▶ _Data for review_:
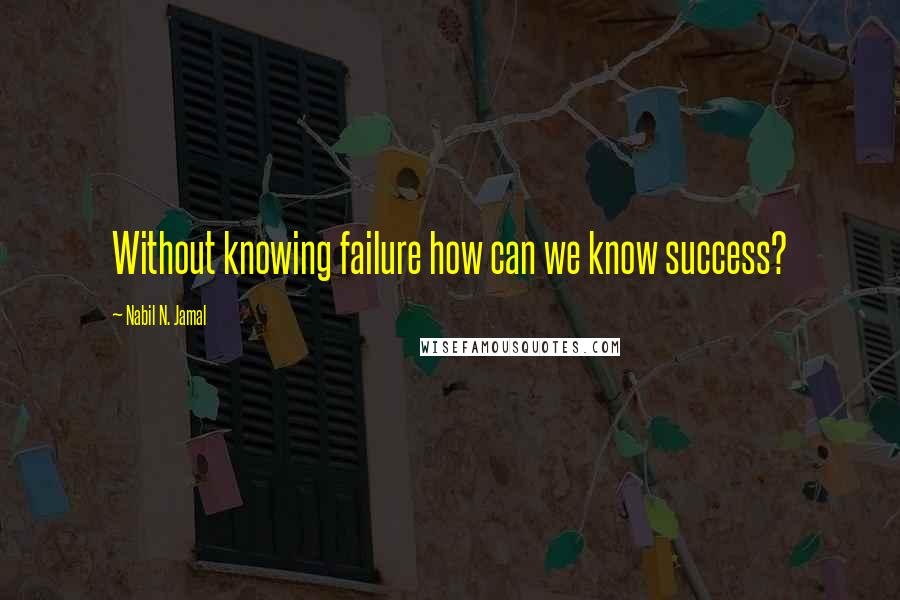 Nabil N. Jamal Quotes: Without knowing failure how can we know success?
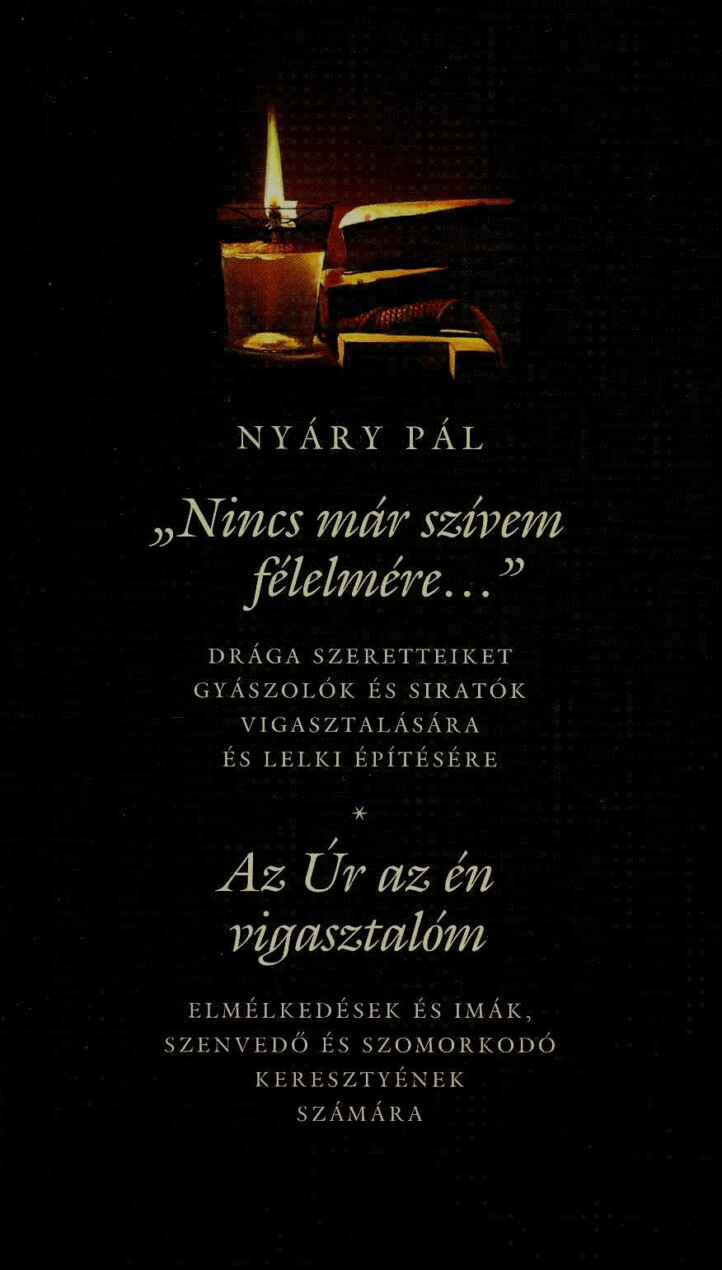 Nincs Már Szívem Félelmére... - Az Úr Az Én Vigasztalóm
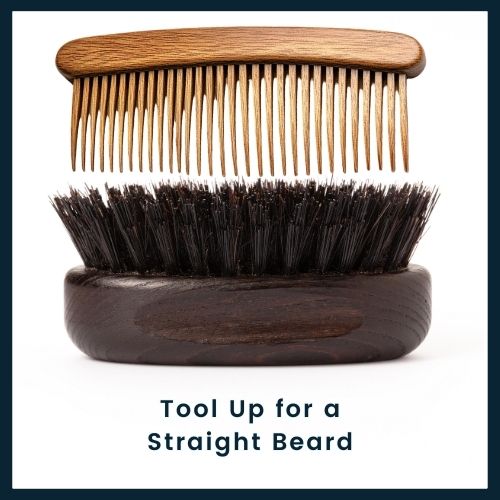 Image of a boar-bristle brush and a wide-tooth comb arranged neatly on a plain background with overlay text 'Tool Up for a Straight Beard.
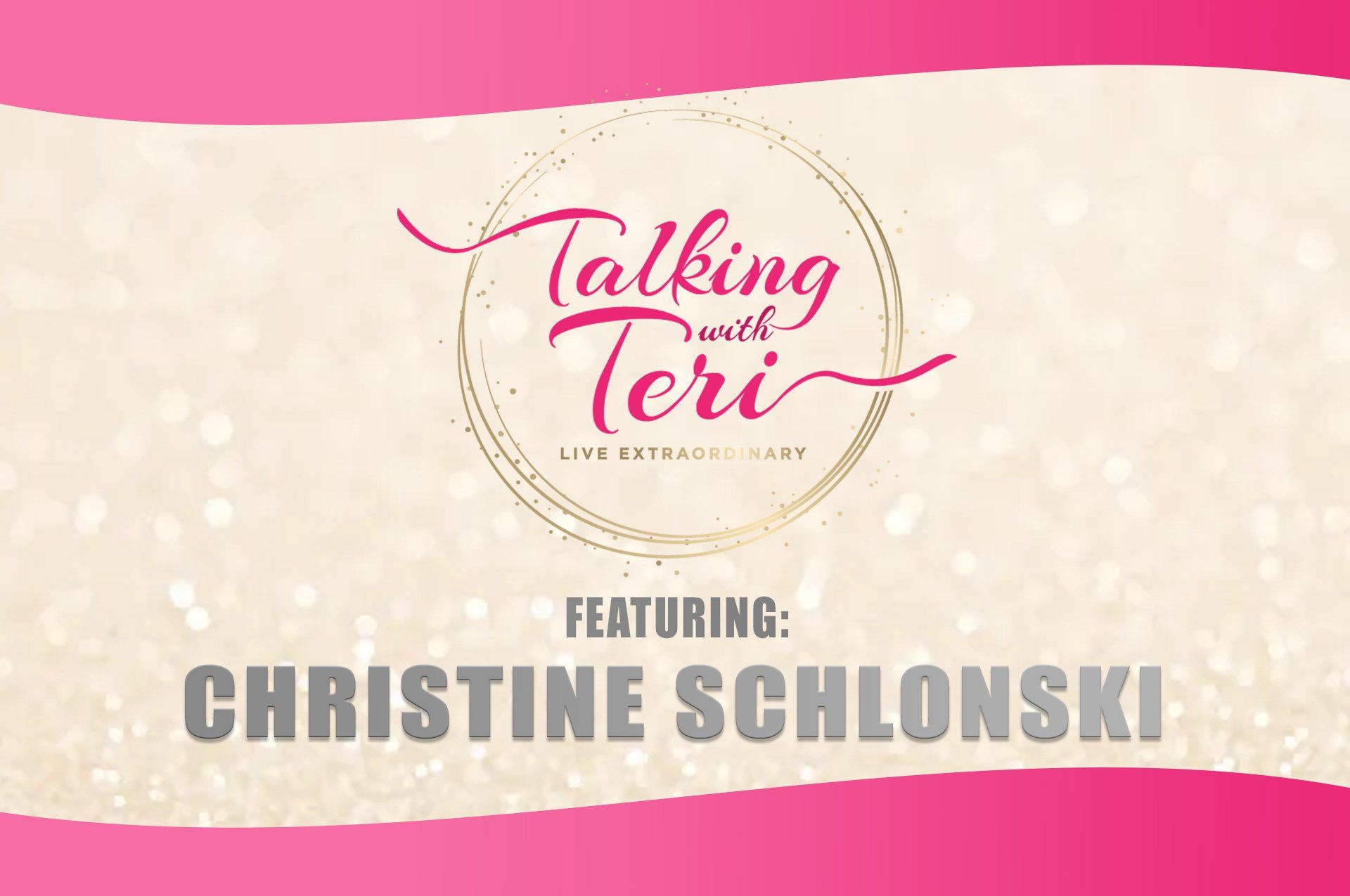 Talking With Teri and Christine Schlonski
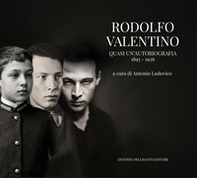 Rodolfo Valentino. Quasi un'autobiografia 1895-1926 - Librerie.coop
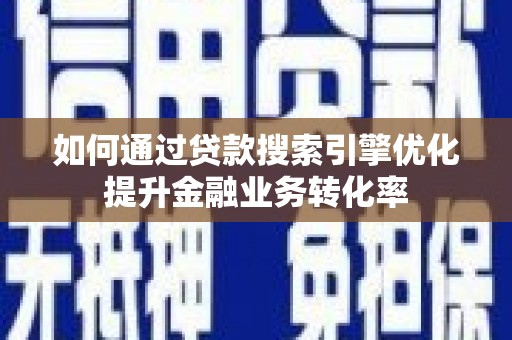 礼县如何通过贷款搜索引擎优化提升金融业务转化率
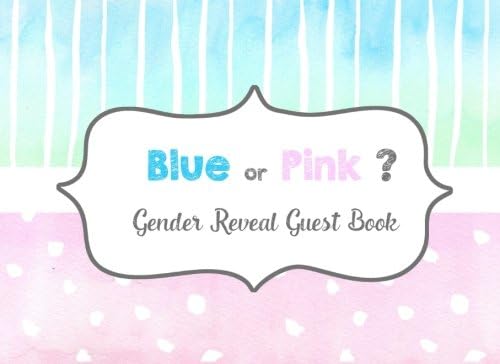 Blue or Pink? Gender Reveal Guest Book: Baby Gender Reveal Party Guestbook and Keepsake: Volume 3 (Gender Reveal Guest Books)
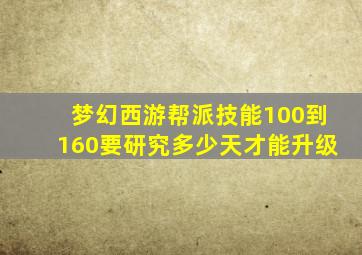 梦幻西游帮派技能100到160要研究多少天才能升级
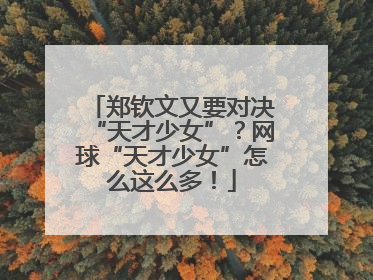 郑钦文又要对决“天才少女”？网球“天才少女”怎么这么多！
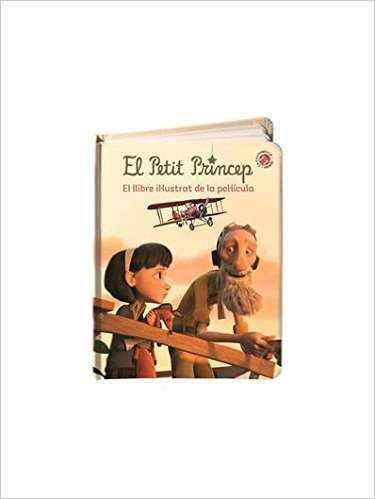 EL PETIT PRINCEP LLIBRE ILUSTRAT DE LA PELICUKA | 9788490944776 | AA.VV.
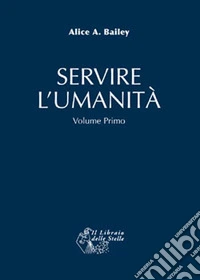 Servire l'umanità. Vol. 1 libro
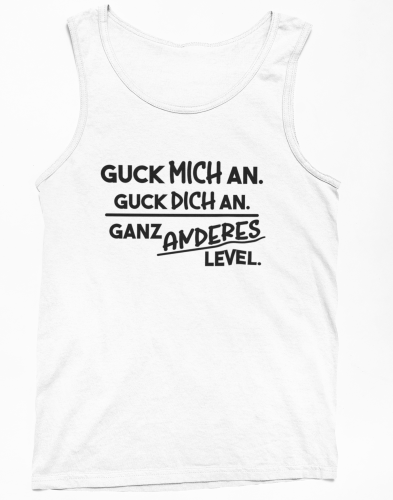Tshirt, Funshirt oder Tanktop - Guck mich an, guck dich an...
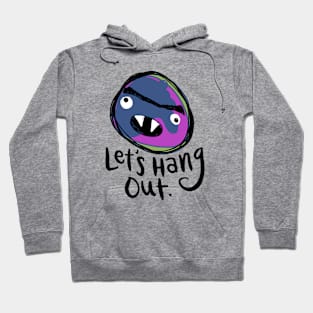 Let's Hang Out Monster: Weird & Funny Unibrow Friend Hoodie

▶ _Problem to solve_: With the pictures omitted, set down each line exactly, starting at the first line of the records above and ending with the line that contains "Image of a boar-bristle".

▶ _Solution for this problem_:
 Nabil N. Jamal Quotes: Without knowing failure how can we know success?
 Nincs Már Szívem Félelmére... - Az Úr Az Én Vigasztalóm
 Image of a boar-bristle brush and a wide-tooth comb arranged neatly on a plain background with overlay text 'Tool Up for a Straight Beard.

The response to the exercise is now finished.